Antisemitism report lets CUNY off the hook, offers no help against hate: professor

As a Zionist Jewish professor and department chair at the City University of New York, I have witnessed and been a victim of the pervasive anti-Semitism on CUNY’s campuses.

In 2021, the EEOC substantiated my claim that CUNY and its faculty union, the Professional Staff Congress, discriminated against me and other Jewish professors because of my religion.

So, I applauded when Gov. Kathy Hochul commissioned a report to expose and correct the hatred I had been fighting for years.

I should have known better.

Neither my EEOC complaint, nor my lawsuits against CUNY and its union, the latter of which is now being appealed to the U.S. Supreme Court, is mentioned a single time in Hochul-commissioned report — and that’s just the start of its glaring omissions.

First, I want to acknowledge that the report condemns CUNY for failing to protect its Jewish community and recommends that it overhaul its policies related to anti-Semitism.

This is a welcome dose of reality.

Without acknowledging the problem, a solution is impossible.

The report also says that Zionism must be recognized as part of the identity of most Jews and suggests that CUNY should see anti-Zionism as equivalent to anti-Semitism.

I believe this is a critical change in posture, and that without it, racism can be more easily dismissed as a mere political disagreement.

These are undoubtedly steps in the right direction, and I commend the report for making them.

But beyond that, the report fails, seemingly willfully, on many levels.

The most glaring omission?

The singularly powerful administrator currently in charge of overseeing anti-Semitism complaints across CUNY’s 25 campuses and who presumably will be responsible for implementing the report’s recommendations, Chief Diversity Officer Saly Abd Alla, is never mentioned.

Nor is the fact that she is a former director at CAIR Minnesota and an activist for the anti-Israel boycott, divestment, and sanctions (BDS) movement.

How did she secure that role with her background? And how is she still there?

The report doesn’t say.

It is inexcusable that Abd Alla, whom I and many of my Jewish colleagues see as incompatible with any effort to truly address campus anti-Semitism, skates by uncriticized.

The report should have started with a recommendation that she be immediately replaced with someone without an anti-Zionist history.

Also absent from the report is a clear recommendation that CUNY adopt a definition — any definition­ — of anti-Semitism.

In fact, the report says that recommending a definition would be too “controversial” to consider.

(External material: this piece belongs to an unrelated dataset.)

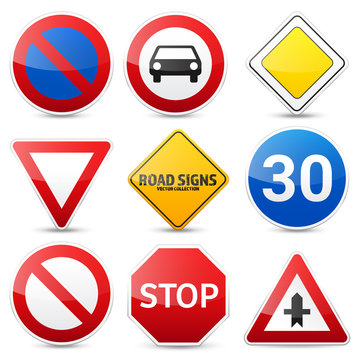 Road signs collection isolated on white background. Road traffic control.Lane usage.Stop and yield. Regulatory signs.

It’s a stunning cop-out that speaks to how inadequate and toothless the report’s conclusions ultimately are.

How is the largest urban public school system in America supposed to confront something it hasn’t defined?

The International Holocaust Remembrance Alliance (IHRA) definition of anti-Semitism has been adopted by more than 40 countries.

It should have been simple to start there.

Particularly offensive is the report’s efforts to minimize violent anti-Semitic incidents.

Yes, “a few” violent incidents are mentioned, but others are ignored.

For example, a student on my campus allegedly beat someone with a baseball bat while saying “Kill Jews, free Palestine.”

But you won’t find this heinous incident in the report because, while it acknowledges that anti-Semitism violence is fomented at CUNY, it refused to address campus-adjacent incidents.

My message to Hochul and campus administration is simple. CUNY’s Jewish community is bleeding.

This report acknowledges the injury but refuses to administer the cure.

To stop the hatred and begin to heal our wounds, those responsible for getting us here need to be held accountable.

And something as basic as adopting a definition of anti-Semitism would be a meaningful place to start.

Jeffrey Lax is a professor of law and chair of the business department at CUNY, a co-founder of S.A.F.E. Campus, and a plaintiff in Goldstein v. PSC/CUNY.